### YOUR ASSIGNMENT
Would you transcribe the whole listing exactly and drop its images?

### RECORDED DATA
--------------------------------

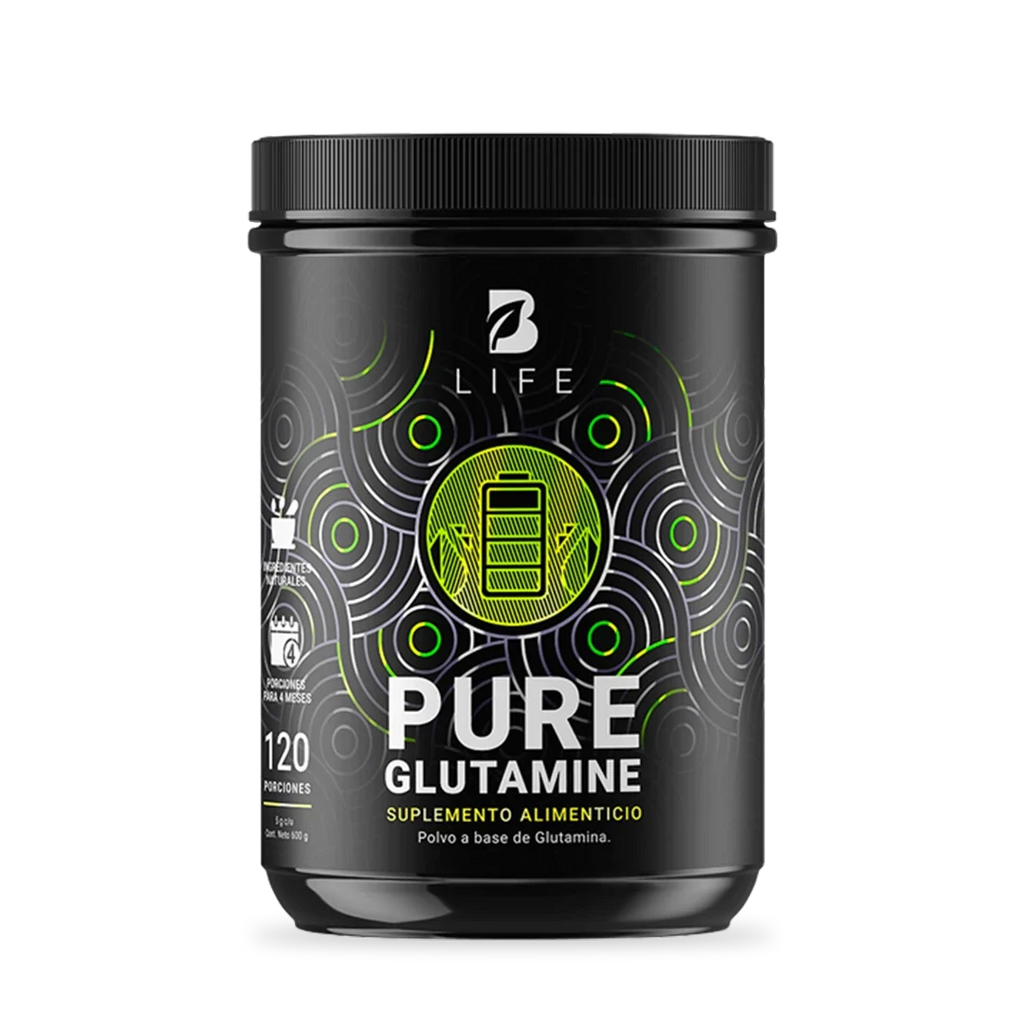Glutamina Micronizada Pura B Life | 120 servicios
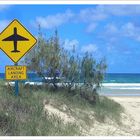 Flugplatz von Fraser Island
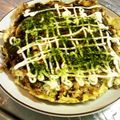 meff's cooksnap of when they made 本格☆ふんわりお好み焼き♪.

--------------------------------

### THE ANSWER
Glutamina Micronizada Pura B Life | 120 servicios
 Flugplatz von Fraser Island
 meff's cooksnap of when they made 本格☆ふんわりお好み焼き♪.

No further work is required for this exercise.